Friday, March 27, 2009

Medical Tourism Is No Panacea

CNN posts an article today about how people are taking advantage of health care overseas due to the high costs of health care options in the United States. What is apparently lost on CNN, and many of those who are pushing for government health care is that the people who can afford to go overseas for their health care aren't going to stand and wait in line for health care under a government imposed health care delivery system either. They're going to go elsewhere, looking for the best and most affordable care they can find.
Sandra Giustina is a 61-year-old uninsured American. For three years she saved her money in hopes of affording heart surgery to correct her atrial fibrillation. "They [U.S. hospitals] told me it would be about $175,000, and there was just no way could I come up with that," Giustina said.

So, with a little digging online, she found several high quality hospitals vying for her business, at a fraction of the U.S. cost. Within a month, she was on a plane from her home in Las Vegas, Nevada, to New Delhi, India. Surgeons at Max Hospital fixed her heart for "under $10,000 total, including travel."

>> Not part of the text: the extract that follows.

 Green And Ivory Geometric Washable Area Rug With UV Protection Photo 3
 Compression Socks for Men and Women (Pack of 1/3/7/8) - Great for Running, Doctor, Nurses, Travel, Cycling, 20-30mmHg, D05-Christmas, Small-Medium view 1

Giustina is just one of millions around the world journeying outside their native land for medical treatment, a phenomenon known as "medical tourism." Experts say the trend in global health care has just begun. Next year alone, an estimated 6 million Americans will travel abroad for surgery, according to a 2008 Deloitte study. "Medical care in countries such as India, Thailand and Singapore can cost as little as 10 percent of the cost of comparable care in the United States," the report found.

Companies such as Los Angeles-based Planet Hospital are creating a niche in the service industry as medical travel planners. One guidebook says that more than 200 have sprung up in the last few years. "We find the best possible surgeons and deliver their service to patients safely, affordably and immediately," said Rudy Rupak, president of Planet Hospital. "No one should have to choose between an operation to save their life or going bankrupt."
In particular, they single out an individual who has gone to India to receive treatment, which could cost $175,000 in the US. It cost this woman $10,000 to have the procedure done in India, including airfare. More power to her that she was able to find an alternative, but I wonder whether the hundreds of millions of desperately poor Indians living in India would be able to access and receive the same care that this medical tourist received?

I'm not so sure.

It's a story worth repeating; Cuba has a thriving medical tourist industry and it is a major funding source for the Castro regime. Yet, the average Cuban doesn't get nearly the level of care that the medical tourists do. It's a distortion of the facts and health care standards.

The left continually attempts to conflate health care costs with access to health care. You might not like the cost of the health care, but it is available to anyone who needs it here in the US - and it's provided in a timely fashion. That is unlike the health care in places like the UK, where you're going to wait for weeks or months to get dental care because of shortages of dentists or the rationing of certain medications or procedures because of the costs to the government health care fund.

CNN also notes in passing a big reason why medical tourism is big business: the countries that provide nationalized health care have long waiting lists for procedures and people have decided to go outside the system to get the treatment they want:
Many South Asians and Africans said they travel abroad because they do not have access to care in their homeland.

Some Canadians and Europeans said they chose to travel aboard, despite having national health plans, because they are tired of waiting -- sometimes years -- for treatment.
Proponents of a nationalized health care system routinely ignore the salient fact. What is also ignored is that all too often, those Europeans and Canadians choose to come to the US to receive their health care services for a fee rather than wait on the lists provided by their government-issued health care system.

You can go into any of the major New York City hospitals, whether it is Memorial Sloan Kettering or Columbia Presbyterian or NYU Cornell Medical Center, and find people seeking care from all over the world because this is where the best and brightest train and provide care to their patients.

Yet, there is one unintended consequence of reporting on these medical tourism stories - the power of the marketplace to deliver business to those who can provide affordable care. If that can work on an international market level, why not at the local level?